Firefighters made significant progress against the SCU Complex in the past day, bringing 25 percent of it under control and allowing Cal Fire to east more evacuation orders.
City of Morgan Hill staff released the following in an email to residents Wednesday morning: “During the evening, fire crews held existing control lines around the fire perimeter continuing to both reinforce and add new containment lines. When weather and conditions are favorable, there will be a controlled burn operation inside the control line. This controlled burn will widen the buffer and consume fuel between the edge of the fire and the control line. If residents see large columns of smoke, it most likely will be from the controlled burn.
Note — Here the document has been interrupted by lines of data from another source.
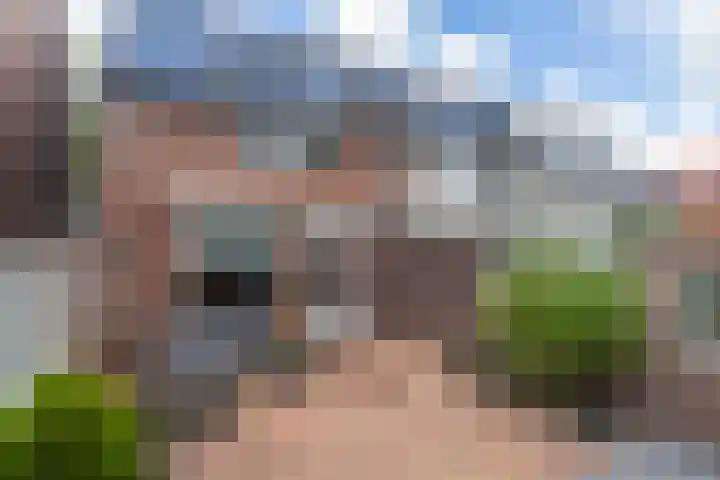 Leverkruid 7 Naaldwijk thumbnail 16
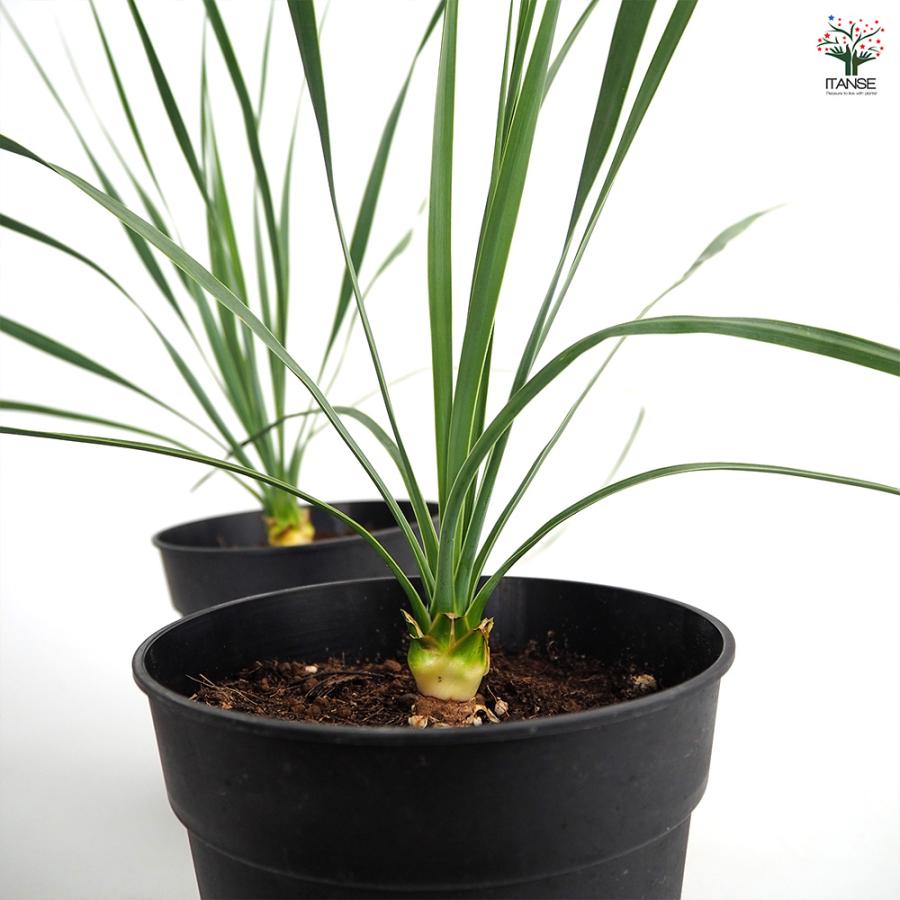 ユッカ ロストラータ サファイアスカイズ 観葉植物 5号/1個売り ゆっか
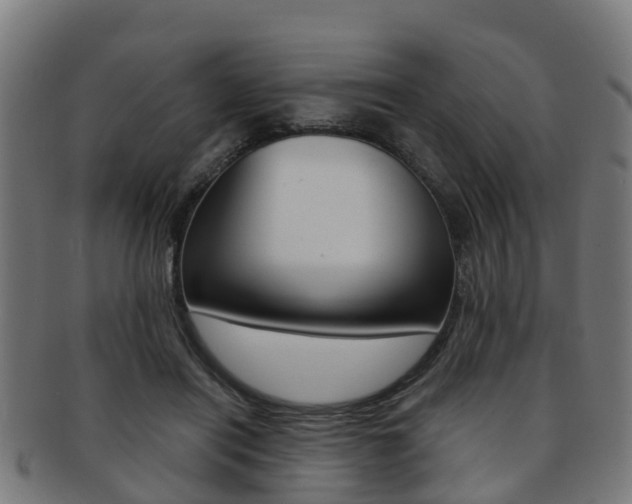X0000092000454200709061243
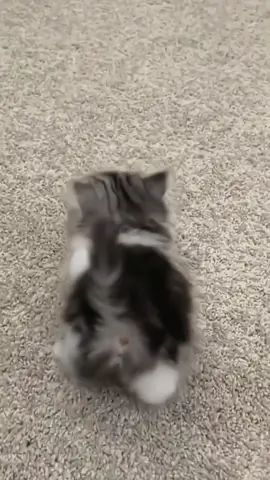 #🥰🥰🥰 #cat #cute #pets #fyp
Fire crews and air crafts will continue to mitigate hazards.”
Areas east of Hill Road between Main Avenue and Maple Avenue, including Jackson Meadows, Jackson Oaks, Thomas Grade, and Holiday Lake Estates remain under evacuation warning.
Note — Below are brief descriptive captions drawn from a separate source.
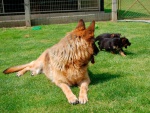 Elevage berger allemand Les Charmilles - 22 sur 41.jpg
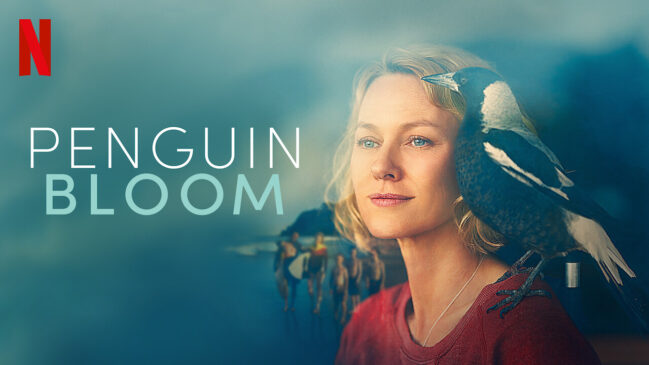 Penguin-Bloom-2021-649x365 7 Films That Teach Hope During Difficult Seasons of Life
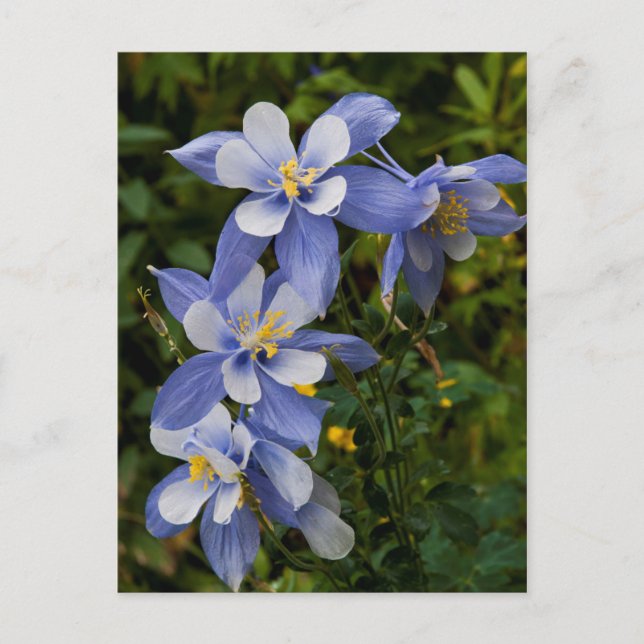 Carte Postale Colorado Blue Columbine near telluride (Devant)
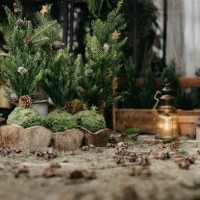 detail of little christmas trees and floor in a greenhouse - garden decoration stock pictures, royalty-free photos & images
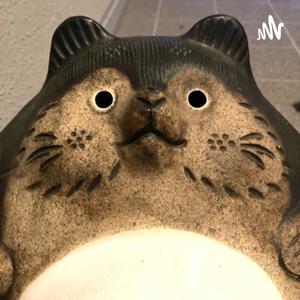 aoiのタヌラジオ！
At more than 365,000 acres across seven counties—north to south from the Tri-Valley to Salinas Valley, west to east from the South Bay to I-5—the SCU Lightning Complex remains the biggest fire still burning in California. It’s also the second-largest in the state’s recorded history.
The group of fires devouring the rugged backcountry east of Silicon Valley was sparked last week in a rare August lightning storm, growing from 20 smaller fires into a massive complex categorized into three sectors: Deer, Canyon and Calaveras zones.
In Contra Costa County, the Deer Zone is 100 percent contained, according to Cal Fire.
Mother Nature helped the 1,655 firefighters assigned to the SCU Complex rein it in, Cal Fire reported in one of its daily briefings. Toward the end of the day Tuesday, thanks to increased humidity, fire crews managed to hold the control line and add new breaks.
However, the state firefighting agency noted, “deep-seated heat still remains in the bottom of the steep, inaccessible drainages.”
The priority today, as ever, is to protect heavily populated areas, including the South Bay, by preventing the fires from escaping their mostly rural expanse.
So far, the fires have razed 31 buildings, damaged six more and injured five people.
In the mountains overlooking Silicon Valley from the south and west, the CZU Complex saw limited growth to about 80,000 acres. But the nearly 1,700 firefighters assigned to the blaze managed to bump up containment to 19 percent, thanks to milder weather.
The fires that ran through the Santa Cruz Mountains have been far more destructive, destroying more than 440 buildings and damaging 43 others. One person has died.
Fires known as the LNU Lightning Complex have killed five people and injured several more up in the North Bay. Today, it surpassed 357,000 acres, with a third of it under control, according to the morning update from Cal Fire.